=== Begin Enclosure ===
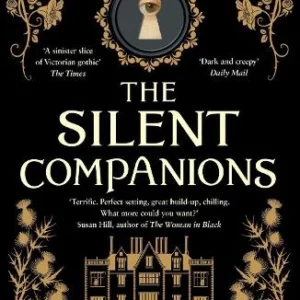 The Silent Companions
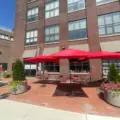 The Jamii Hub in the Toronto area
=== End Enclosure ===
=== Begin Enclosure ===
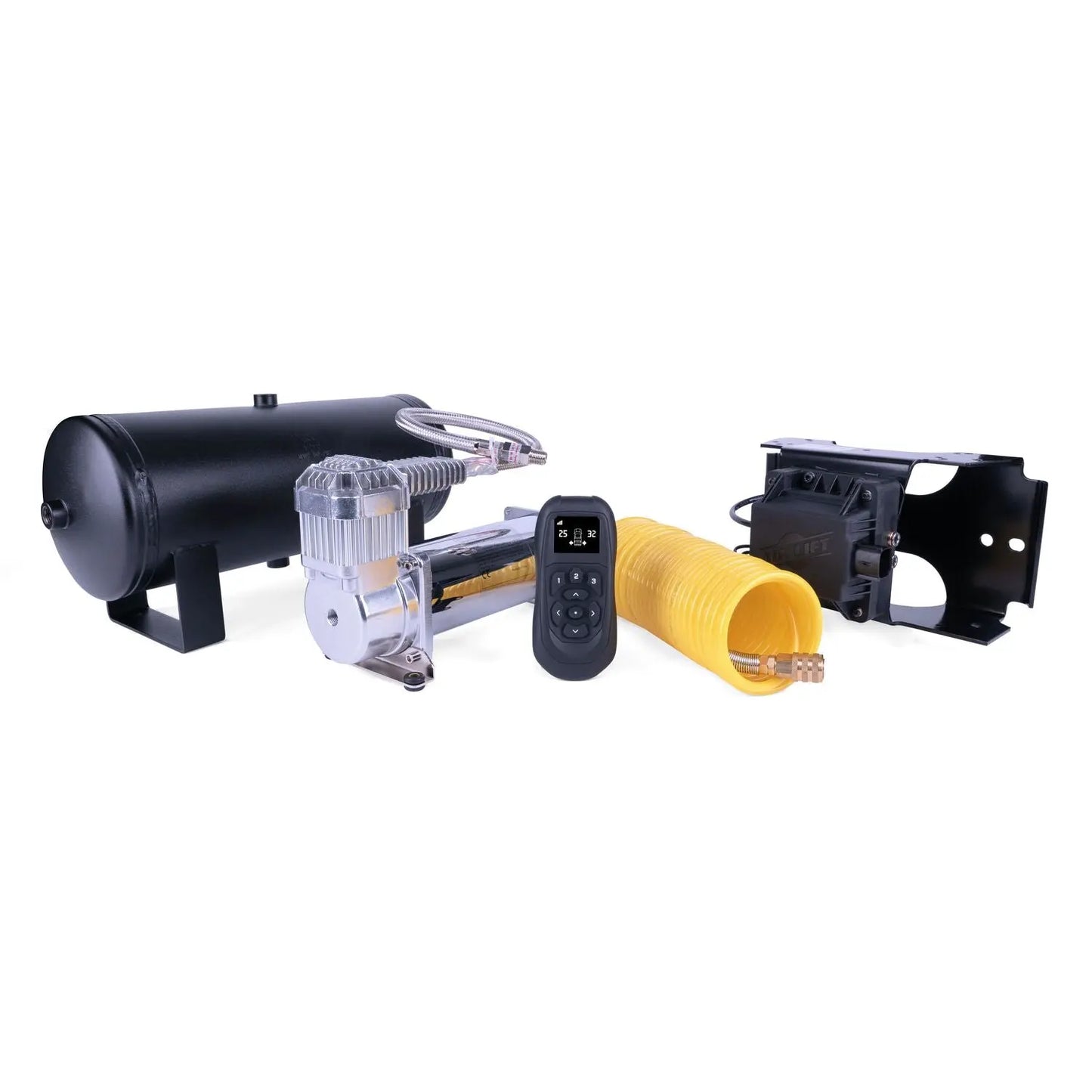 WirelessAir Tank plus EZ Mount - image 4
=== End Enclosure ===
=== Begin Enclosure ===
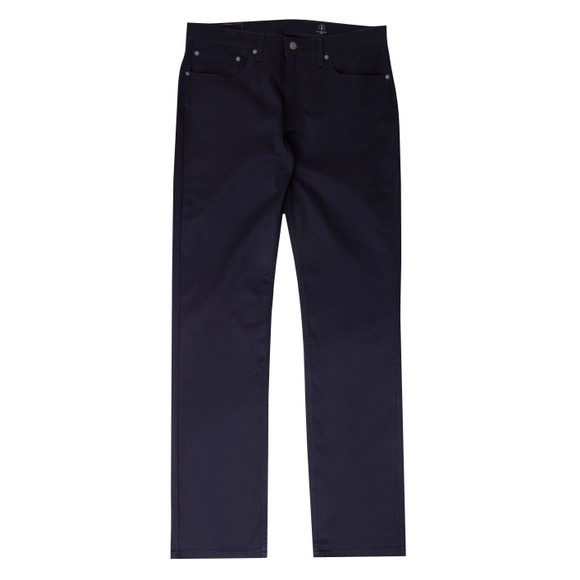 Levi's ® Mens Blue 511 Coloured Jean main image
=== End Enclosure ===
What needs to be done:
Using the material above, transcribe exactly the lines from the one holding "The Silent Companions" to the one holding "The Jamii Hub in the Toronto area", both ends kept. Do not carry over any pictures.

Solution below:
 The Silent Companions
 The Jamii Hub in the Toronto area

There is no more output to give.